Он не отгибал пальцы, но это его перечисление пунктов привело Джоанну в ярость: засопев, она стала тихонько раскачиваться.

— Сядь, я хочу с тобой об этом поговорить. Мне нужно, чтобы ты меня выслушал.

Она с гордостью сознавала, что говорит твердо и четко. Умница.

Но, вместо того чтобы сесть, позволив Джоанне говорить честно и уверенно, Алистер выпрямился, отчего стал казаться еще выше, и забубнил:

— Нет, безумие не это. Безумие — это то, что, по-твоему, не будет ничего страшного, если я потеряю обоих своих детей. Сегодня я сплю один. Ты можешь лечь на диване.

21

Александра

1 марта

Я проснулась в пять утра от громкого плача Хлои. Вошла к ней — она сидит в постели и протягивает ко мне руки, чтобы обнять.

— Мама! Мама, прости меня, прости!

Я сказала ей, что ничего страшного, просто с похмелья все кажется ужасным.

— Нет, дело не в этом. Я сделала ужасную вещь.

Хлоя рассказывает мне о своем блоге.

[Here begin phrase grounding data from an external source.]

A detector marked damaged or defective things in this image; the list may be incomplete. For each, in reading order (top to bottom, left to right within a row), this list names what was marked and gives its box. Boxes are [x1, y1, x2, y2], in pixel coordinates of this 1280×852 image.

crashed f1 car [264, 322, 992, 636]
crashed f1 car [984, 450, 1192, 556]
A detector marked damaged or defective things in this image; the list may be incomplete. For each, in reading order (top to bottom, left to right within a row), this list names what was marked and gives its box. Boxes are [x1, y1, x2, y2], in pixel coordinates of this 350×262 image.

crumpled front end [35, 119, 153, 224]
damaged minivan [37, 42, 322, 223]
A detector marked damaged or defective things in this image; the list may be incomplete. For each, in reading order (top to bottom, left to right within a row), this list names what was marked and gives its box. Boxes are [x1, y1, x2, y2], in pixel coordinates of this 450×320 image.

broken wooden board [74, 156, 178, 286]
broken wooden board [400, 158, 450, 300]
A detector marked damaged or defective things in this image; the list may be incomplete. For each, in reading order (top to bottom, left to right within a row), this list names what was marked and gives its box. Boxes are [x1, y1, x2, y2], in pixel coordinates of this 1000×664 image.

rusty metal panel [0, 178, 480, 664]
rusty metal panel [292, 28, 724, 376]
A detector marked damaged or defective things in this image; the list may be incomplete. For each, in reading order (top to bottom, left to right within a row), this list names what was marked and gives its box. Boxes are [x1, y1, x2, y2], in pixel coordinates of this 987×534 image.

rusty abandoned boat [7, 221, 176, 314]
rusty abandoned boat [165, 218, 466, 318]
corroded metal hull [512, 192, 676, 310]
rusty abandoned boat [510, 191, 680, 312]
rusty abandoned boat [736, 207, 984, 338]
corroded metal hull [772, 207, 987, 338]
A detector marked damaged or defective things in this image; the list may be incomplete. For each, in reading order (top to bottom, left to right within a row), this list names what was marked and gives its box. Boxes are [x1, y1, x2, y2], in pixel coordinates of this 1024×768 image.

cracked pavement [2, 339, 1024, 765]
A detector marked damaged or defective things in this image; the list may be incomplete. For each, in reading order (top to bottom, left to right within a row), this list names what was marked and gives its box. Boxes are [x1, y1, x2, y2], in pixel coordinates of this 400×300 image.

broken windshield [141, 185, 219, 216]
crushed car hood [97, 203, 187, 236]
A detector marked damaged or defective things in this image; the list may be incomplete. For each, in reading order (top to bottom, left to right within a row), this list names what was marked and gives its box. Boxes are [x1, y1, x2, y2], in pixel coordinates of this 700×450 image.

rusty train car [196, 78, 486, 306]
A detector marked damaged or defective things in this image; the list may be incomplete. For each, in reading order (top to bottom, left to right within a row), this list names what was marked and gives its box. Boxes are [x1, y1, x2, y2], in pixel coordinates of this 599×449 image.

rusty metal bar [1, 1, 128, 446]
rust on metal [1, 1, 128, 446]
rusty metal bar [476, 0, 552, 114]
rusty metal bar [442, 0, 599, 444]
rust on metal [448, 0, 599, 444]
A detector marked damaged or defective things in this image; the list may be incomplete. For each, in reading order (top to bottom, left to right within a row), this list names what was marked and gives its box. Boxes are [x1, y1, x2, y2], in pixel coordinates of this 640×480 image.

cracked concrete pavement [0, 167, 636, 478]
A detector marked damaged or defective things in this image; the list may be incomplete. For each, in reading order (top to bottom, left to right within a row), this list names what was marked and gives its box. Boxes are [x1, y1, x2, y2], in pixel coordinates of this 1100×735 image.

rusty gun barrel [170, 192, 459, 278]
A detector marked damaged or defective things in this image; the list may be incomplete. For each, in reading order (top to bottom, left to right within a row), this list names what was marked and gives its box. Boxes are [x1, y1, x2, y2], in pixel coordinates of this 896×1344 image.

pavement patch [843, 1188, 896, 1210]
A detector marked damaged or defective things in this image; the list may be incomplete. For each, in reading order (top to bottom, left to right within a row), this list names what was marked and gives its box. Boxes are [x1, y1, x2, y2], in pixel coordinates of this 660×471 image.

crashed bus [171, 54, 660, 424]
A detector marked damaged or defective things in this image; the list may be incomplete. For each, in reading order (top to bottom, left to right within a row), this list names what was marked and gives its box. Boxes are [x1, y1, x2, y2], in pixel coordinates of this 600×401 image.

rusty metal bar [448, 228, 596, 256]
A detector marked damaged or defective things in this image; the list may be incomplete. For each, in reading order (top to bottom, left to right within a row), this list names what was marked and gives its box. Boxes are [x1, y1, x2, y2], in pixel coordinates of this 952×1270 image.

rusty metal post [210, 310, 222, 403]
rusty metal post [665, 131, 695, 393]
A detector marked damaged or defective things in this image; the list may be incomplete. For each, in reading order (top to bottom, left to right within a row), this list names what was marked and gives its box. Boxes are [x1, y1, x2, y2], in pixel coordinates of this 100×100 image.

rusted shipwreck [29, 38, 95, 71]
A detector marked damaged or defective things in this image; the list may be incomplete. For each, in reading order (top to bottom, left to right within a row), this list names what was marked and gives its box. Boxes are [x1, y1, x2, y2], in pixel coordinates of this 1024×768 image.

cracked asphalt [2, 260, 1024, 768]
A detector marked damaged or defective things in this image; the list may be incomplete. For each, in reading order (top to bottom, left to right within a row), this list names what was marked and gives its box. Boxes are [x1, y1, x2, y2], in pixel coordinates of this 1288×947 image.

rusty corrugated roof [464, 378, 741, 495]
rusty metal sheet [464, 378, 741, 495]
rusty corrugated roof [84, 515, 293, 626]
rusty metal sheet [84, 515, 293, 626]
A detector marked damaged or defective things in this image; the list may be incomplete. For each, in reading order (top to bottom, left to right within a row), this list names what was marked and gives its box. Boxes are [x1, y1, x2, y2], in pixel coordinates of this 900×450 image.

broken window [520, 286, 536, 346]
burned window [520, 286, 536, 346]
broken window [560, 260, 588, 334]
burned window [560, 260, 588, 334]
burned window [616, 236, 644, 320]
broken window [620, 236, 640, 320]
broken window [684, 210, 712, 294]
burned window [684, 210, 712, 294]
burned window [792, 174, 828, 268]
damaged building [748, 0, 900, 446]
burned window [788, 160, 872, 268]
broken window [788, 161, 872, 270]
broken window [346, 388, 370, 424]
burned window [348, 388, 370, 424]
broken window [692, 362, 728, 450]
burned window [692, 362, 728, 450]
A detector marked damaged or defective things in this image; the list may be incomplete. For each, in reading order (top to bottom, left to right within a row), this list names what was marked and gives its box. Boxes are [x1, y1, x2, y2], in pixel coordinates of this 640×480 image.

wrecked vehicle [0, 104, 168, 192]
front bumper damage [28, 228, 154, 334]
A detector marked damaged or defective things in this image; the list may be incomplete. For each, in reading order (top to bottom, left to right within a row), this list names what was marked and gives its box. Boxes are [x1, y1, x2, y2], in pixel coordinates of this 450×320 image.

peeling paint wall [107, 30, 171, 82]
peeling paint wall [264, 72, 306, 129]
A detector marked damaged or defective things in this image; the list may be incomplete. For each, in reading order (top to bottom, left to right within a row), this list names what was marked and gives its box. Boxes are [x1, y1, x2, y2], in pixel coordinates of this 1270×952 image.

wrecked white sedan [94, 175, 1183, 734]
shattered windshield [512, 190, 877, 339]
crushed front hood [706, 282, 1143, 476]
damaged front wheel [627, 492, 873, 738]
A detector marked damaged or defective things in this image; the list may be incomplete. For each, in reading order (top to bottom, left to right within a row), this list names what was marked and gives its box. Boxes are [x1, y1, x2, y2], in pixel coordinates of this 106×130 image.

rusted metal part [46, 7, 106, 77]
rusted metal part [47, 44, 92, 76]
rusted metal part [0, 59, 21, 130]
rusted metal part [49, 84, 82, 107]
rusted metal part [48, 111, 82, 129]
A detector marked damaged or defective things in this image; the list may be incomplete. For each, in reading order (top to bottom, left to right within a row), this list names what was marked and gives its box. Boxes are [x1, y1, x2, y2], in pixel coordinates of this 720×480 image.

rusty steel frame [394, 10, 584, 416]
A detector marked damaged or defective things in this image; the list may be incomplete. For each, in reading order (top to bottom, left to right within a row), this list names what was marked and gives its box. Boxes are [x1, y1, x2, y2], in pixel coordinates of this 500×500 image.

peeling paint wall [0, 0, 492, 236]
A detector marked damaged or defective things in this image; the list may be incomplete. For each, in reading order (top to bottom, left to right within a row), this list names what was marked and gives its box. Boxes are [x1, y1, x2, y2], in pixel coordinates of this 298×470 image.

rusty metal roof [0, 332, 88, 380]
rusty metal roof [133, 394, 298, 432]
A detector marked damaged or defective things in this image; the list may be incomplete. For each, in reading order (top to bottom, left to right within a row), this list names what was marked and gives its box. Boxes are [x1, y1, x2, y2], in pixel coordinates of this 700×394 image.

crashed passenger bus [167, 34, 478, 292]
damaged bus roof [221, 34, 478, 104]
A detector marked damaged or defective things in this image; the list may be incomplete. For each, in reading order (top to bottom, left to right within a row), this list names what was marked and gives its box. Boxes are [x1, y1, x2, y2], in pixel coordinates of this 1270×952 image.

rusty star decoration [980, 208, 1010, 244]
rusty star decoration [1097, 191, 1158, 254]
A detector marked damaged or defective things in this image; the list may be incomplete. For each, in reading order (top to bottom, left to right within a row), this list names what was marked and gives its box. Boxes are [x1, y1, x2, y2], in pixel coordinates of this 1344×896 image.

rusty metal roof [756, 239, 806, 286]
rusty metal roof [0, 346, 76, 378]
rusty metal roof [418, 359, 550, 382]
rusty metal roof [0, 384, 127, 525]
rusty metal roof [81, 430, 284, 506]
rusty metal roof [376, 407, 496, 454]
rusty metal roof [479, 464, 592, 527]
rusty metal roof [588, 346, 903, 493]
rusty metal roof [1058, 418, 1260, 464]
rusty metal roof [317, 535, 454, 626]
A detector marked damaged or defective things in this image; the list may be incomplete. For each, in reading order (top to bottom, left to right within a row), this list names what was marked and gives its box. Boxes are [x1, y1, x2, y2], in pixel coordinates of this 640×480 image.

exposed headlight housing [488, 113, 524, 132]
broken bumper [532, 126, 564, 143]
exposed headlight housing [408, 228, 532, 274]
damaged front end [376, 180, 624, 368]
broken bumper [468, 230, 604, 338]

Сперва она была уверена, что сможет помочь отыскать Ноя — чувствовала, что это ее долг, она так и говорила с самого начала. Но шли дни, и она стала считать, что он погиб, и тогда главной мотивацией сделалась месть. Каждую свободную минуту Хлоя посвящала тому, чтобы найти улики против Джоанны, и по мере того как соображений и обвинений становилось все больше, ее все меньше заботило, что ее блог бросает тень заодно и на отца, «потому что ему на меня плевать».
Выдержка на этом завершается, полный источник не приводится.